It’s poetry week, but in case you haven’t noticed, we started spooky season a touch early this year. That’s not me being a corporation, by the way. When Starbucks puts out Pumpkin Spice Lattes in August or Costco sets up their Christmas Stuff Display in September? That’s bad. That’s not living in the moment. That’s diluting meaning in society. That’s capitalist greed. When I read horror in September? Well, if we’re being honest, it’s work. I’m a horror writer. This is what work looks like.
What I’ve Been Reading This Week:
Two books! A marvelous collection of poetry and a fun novel(la?)—and one of them I read on my computer. Who said I was an old man? My Adobe subscription is lapsed, tho, and I didn’t feel like bugging Mal to use her computer for Canva, so I took the picture of these books like an old man. Don’t let me doing a bit distract you from the fact that both of these books put me in such a good reading mood that I started next week’s book as soon as I put them down. I’m talking, of course, about Cloud Missives by Kenzie Allen and Werewolf Lawyer by Shea Serrano.

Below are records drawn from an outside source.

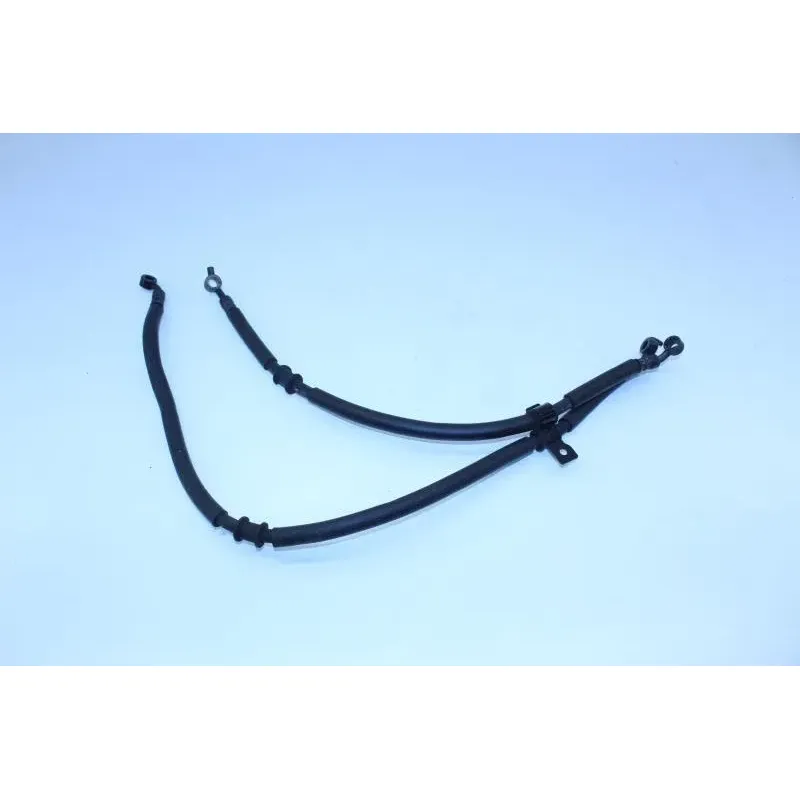 Durite de frein avant KAWASAKI ER6 650 N 2009 - 2011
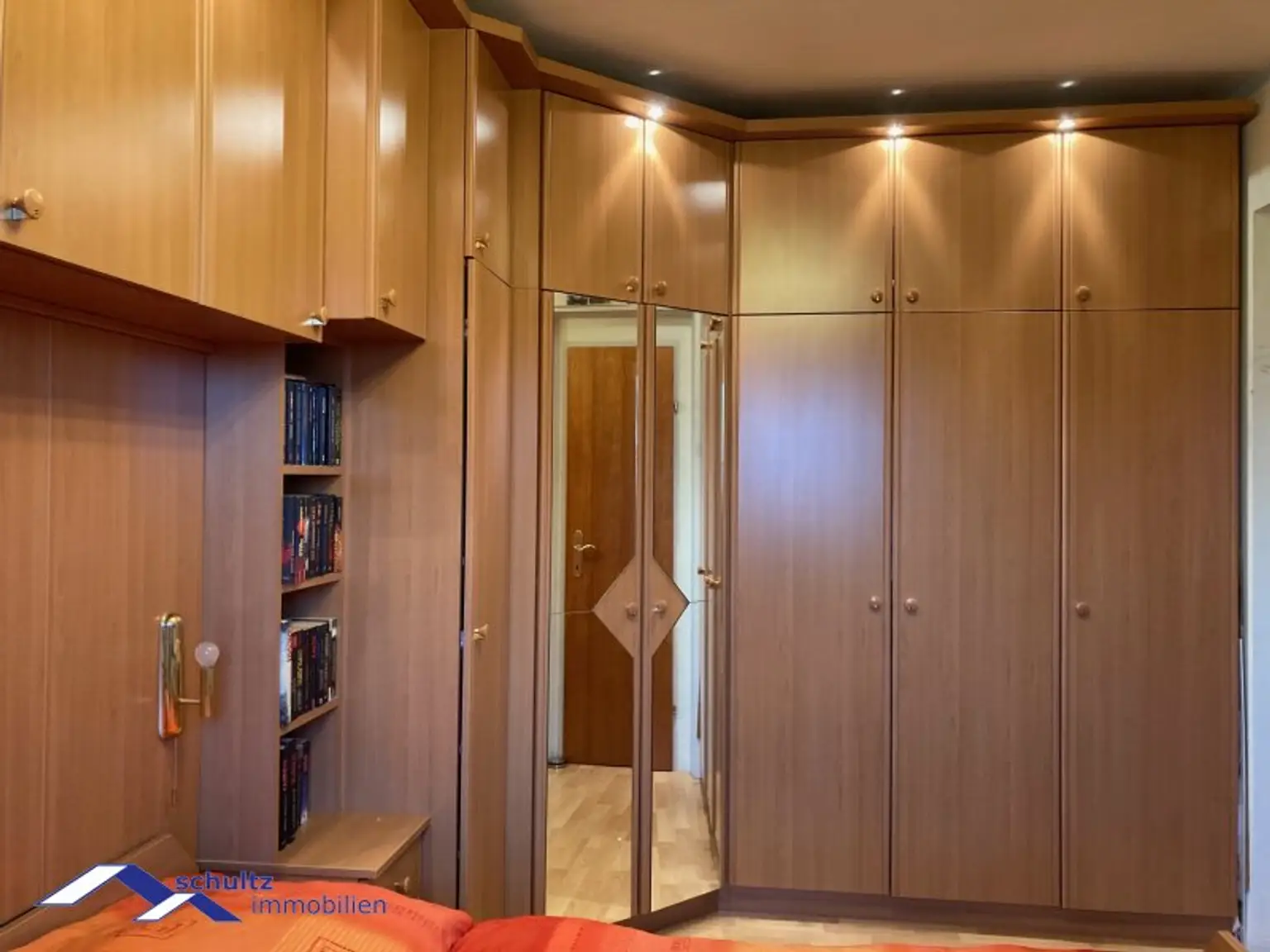 Gemütliche 3 Zimmer Wohnung!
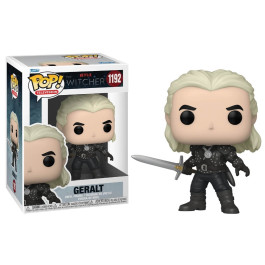 Funko Geralt 1192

Cloud Missives by Kenzie Allen: WOO, this book. Bob told me to prepare for some capital-P poems, and I’m happy to report this collection absolutely delivered. Certain poets make me feel like I should bow my head while reading them, and it’s not just because I feel religious about nature. These poems are beautiful in a way that feels unselfconscious and effortless. But I don’t want to give the impression that it’s all flowery. There’s pop culture, there’s anger at white racism, there are references to myths and some funny lines. There are love songs. There are long poems and short poems. It’s a manuscript completely full of the good things poetry does. But most of all, these are poems quietly demand you slow down and spend time with them, if for no other reason than the impeccably clean way they present themselves.
Werewolf Lawyer by Shea Serrano: I’ve talked before about my complicated feelings with crime fiction (I love crime fiction but hate cops). I’ve also talked a lot about my love for werewolves. So I was ready to love this book, and have fun with it. The perfectly short, no-nonsense prologue sets up werewolfing as a mysterious affliction that has affected 6,400 people in the world with no explanation—some living in the woods, some living amongst humans. Thomas Atwell is the man the werewolves call when they’re in legal trouble. Today, Atwell’s defending a werewolf accused of killing his wife, and we’re in the courtroom.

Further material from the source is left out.